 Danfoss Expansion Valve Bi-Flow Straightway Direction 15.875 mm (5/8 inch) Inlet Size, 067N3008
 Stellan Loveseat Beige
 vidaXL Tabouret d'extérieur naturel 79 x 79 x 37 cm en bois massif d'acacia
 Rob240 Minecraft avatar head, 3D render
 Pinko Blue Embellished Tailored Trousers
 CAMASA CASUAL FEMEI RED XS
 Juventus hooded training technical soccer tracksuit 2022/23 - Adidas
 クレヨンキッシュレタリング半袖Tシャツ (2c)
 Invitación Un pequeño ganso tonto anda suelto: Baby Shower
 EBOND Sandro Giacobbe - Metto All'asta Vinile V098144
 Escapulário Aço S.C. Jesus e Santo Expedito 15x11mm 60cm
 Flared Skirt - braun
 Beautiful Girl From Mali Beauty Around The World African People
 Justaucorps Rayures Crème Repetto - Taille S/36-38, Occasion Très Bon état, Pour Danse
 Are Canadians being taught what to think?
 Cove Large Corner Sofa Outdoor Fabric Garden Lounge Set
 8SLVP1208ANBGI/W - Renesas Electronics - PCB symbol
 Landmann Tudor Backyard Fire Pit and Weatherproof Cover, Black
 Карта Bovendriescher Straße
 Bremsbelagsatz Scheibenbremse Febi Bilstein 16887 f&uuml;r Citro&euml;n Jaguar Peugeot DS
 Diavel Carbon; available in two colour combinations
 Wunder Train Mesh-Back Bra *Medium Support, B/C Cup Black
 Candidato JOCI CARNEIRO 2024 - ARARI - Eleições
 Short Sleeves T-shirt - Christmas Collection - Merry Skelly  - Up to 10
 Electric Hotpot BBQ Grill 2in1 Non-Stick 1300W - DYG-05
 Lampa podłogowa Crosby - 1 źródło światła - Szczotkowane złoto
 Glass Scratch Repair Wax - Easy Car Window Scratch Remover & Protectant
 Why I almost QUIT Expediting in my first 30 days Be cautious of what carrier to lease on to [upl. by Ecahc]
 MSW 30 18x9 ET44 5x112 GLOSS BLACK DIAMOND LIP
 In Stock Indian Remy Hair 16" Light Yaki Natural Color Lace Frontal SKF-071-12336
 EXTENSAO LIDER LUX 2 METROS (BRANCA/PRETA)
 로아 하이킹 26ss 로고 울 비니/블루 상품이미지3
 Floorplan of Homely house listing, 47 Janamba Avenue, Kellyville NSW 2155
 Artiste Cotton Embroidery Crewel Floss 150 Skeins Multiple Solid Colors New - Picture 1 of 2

◆ ◆ ◆ ◆ ◆

EXERCISE INSTRUCTIONS –
From the top of the material above, please transcribe each line exactly. Include the line with "CAMASA CASUAL FEMEI RED XS" and end there.

ANSWER –
 Danfoss Expansion Valve Bi-Flow Straightway Direction 15.875 mm (5/8 inch) Inlet Size, 067N3008
 Stellan Loveseat Beige
 vidaXL Tabouret d'extérieur naturel 79 x 79 x 37 cm en bois massif d'acacia
 Rob240 Minecraft avatar head, 3D render
 Pinko Blue Embellished Tailored Trousers
 CAMASA CASUAL FEMEI RED XS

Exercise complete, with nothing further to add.